O Tribunal de Contas do Estado julga nesta quinta-feira as contas do governo do Paraná de 2016. Em tese, o julgamento deveria ter sido feito na semana passada, mas num ato inédito um conselheiro pediu para analisar melhor a prestação de contas.
Em geral, o TC tem sido mais do que condescendente com os governadores. Mas os procuradores que analisam tecnicamente os gastos dizem que há pelo menos três anos os conselheiros deveriam reprovar a prestação de contas do governo Beto Richa.
Atual chefe do Ministério Público de Contas, Flávio de Azambuja Berti explica o porquê.
O MP de Contas apontou nove problemas nas contas do governo Beto Richa de 2016. Há problemas graves? Faria sentido a reprovação?
Sim, há problemas graves, especialmente a falta de repasse da parte patronal da contribuição previdenciária sobre a folha dos servidores, o que causa déficits e rombos na Paranaprevidência, independentemente do regime previdenciário diante do qual se esteja (este atual, ou algum outro decorrente de eventual aprovação de Emenda Constitucional que reforme em parte ou por completo a Previdência).
Independentemente dos requisitos de idade mínima (qualquer que seja) e de tempo de contribuição mínimo exigido do servidor bem como de valor-teto de benefício, a falta de recolhimento dos aportes devidos pelo governo indica grave problema de gestão capaz de, por si só, aumentar a cada ano o déficit do sistema.
Leia mais: As 9 irregularidades apontadas pelo TC
Também chamou atenção o não-cumprimento de despesas empenhadas e não atendidas em 2015 que deveriam ser em 2016, mas não o foram.
Além disso, a alteração de mais de 17% do total de despesas aprovadas (autorizadas) na Lei Orçamentária Anual do Estado por decretos do governador durante o ano também consiste em ofensa à violação expressa de previsões da Constituição Federal (arts. 167 a 169), independentemente de um “cheque em branco” constante da LOA estadual ou de julgamentos anteriores pela aprovação das contas diante de situação análoga em exercícios anteriores.
A cada ano, tem se repetido um padrão no julgamento das contas do governo do Paraná.

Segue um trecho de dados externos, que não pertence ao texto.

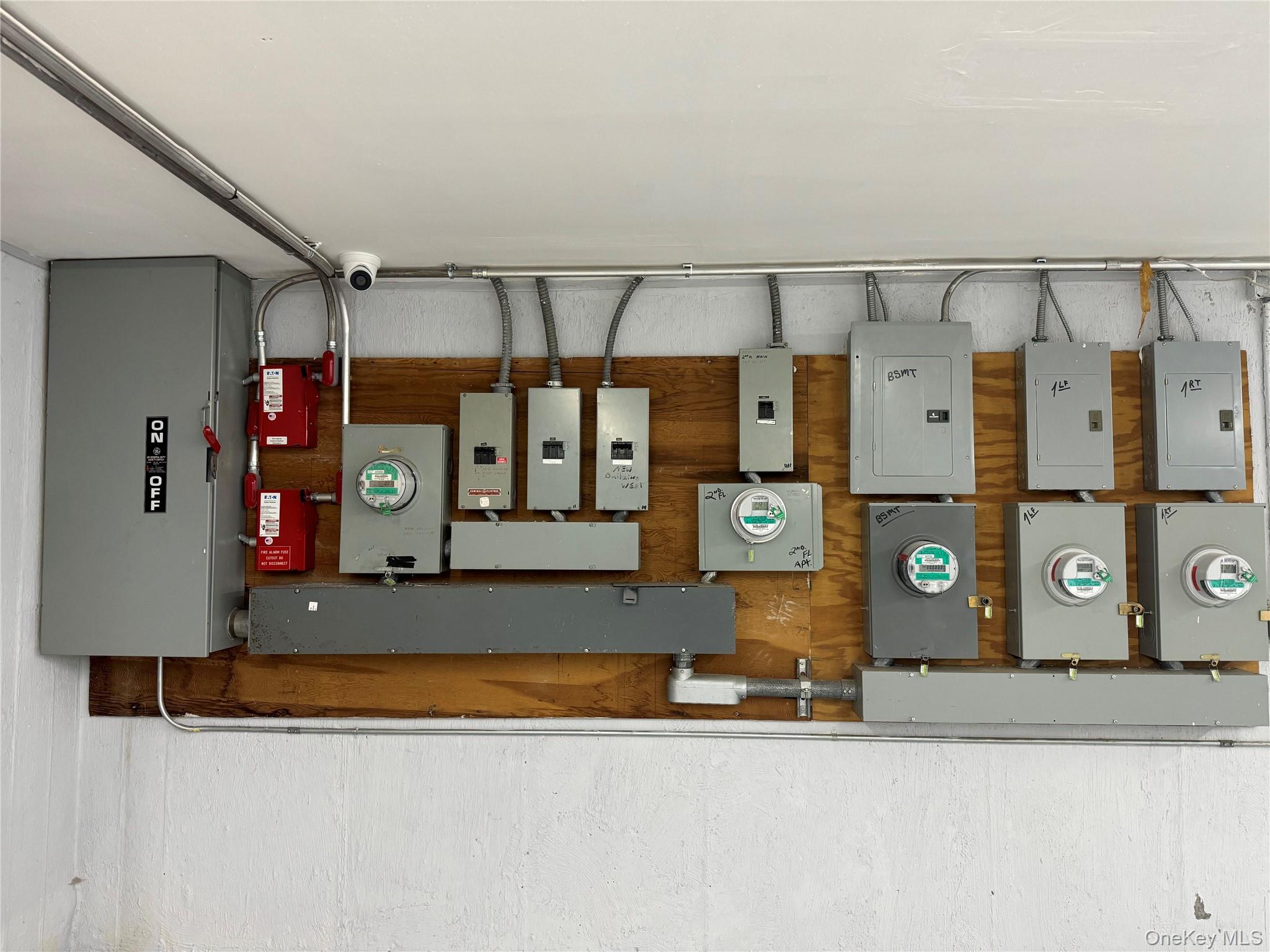 8866 Myrtle Avenue, Glendale, NY 11385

O MP de Contas aponta problemas e muitas vezes sugere a reprovação, mas o pleno aprova apenas com ressalvas, recomendações e determinações. Existe uma explicação para essa diferença de visão?
O MP de Contas tem emitido nos últimos anos (ao menos nos últimos três anos consecutivamente) parecer pela reprovação das contas por entender que, quando descumpridas normas legais (orçamentárias, da Lei de Responsabilidade Fiscal ou outra), não há margem para ponderação e avaliação diferente. Como o órgão deliberativo do TC é colegiado, com diferentes opiniões e interpretações subjetivas próprias sobre a situação fiscal posta, fica mais difícil uma interpretação uníssona no mesmo sentido.
O TC nunca reprovou as contas do governo do estado. No entanto, a cada ano, parece que chega um pouco mais perto disso. Recentemente um conselheiro votou pela reprovação; o pleno aprovou determinações; agora houve um pedido de vistas. O que mudou nos últimos anos?
A situação contextual de absoluta falência fiscal do país (em âmbito federal e na maioria dos estados) e um perfil um pouco mais técnico dos integrantes do pleno ajuda.
Alguns conselheiros dizem que, como em outras gestões não houve reprovação mesmo havendo problemas, seria injusto com os novos governos aplicar critérios diferentes. Como resolver esse impasse?
Na visão do MP de Contas o que deve ser levado em consideração é o aspecto técnico-jurídico. Se a conduta é ilegal, se há ofensa ao que prevê a lei de orçamento, se há descumprimento de índice constitucional, se há utilização de despesas indevidas, não há como ponderar entre “justo” e “injusto”. Num sistema de direito positivo como o brasileiro em que se deve absoluta adequação ao que preveem as normas, a análise do que é legal ou ilegal não se confunde com juízos subjetivos do que seja “justo” ou “injusto”, até porque tal avaliação conforme a própria fundamentação (subjetiva), varia de pessoa para pessoa. Já o que está posto na lei não tem variação.